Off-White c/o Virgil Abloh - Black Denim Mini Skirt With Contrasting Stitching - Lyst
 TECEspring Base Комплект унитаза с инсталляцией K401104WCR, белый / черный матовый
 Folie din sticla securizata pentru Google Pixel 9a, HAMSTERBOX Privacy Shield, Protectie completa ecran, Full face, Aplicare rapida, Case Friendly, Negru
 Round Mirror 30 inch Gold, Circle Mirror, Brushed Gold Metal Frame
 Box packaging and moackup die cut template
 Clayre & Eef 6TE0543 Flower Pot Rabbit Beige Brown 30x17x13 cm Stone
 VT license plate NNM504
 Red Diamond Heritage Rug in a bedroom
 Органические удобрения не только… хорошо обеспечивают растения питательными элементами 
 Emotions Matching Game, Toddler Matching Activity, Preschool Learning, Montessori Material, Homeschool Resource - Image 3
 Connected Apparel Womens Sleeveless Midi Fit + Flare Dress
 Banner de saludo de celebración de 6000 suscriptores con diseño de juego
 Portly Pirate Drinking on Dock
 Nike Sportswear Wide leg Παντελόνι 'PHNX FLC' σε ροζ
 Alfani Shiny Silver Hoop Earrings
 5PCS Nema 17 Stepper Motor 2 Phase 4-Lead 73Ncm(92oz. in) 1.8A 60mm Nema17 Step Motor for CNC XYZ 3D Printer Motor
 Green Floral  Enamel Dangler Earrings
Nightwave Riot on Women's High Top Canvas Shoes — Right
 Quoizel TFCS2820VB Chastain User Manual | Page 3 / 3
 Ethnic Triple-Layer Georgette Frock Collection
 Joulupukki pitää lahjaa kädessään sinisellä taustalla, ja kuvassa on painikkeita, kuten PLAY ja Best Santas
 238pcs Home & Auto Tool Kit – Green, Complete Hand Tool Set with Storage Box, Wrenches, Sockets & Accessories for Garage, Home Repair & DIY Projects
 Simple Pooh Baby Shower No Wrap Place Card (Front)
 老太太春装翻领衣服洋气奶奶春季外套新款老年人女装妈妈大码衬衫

^^^^^^^^^^^^^^^^

HOW TO COMPLETE THIS TASK
Throughout the material, how many lines contain the string "Green"? Answer with the number alone.

COMPLETED TASK
2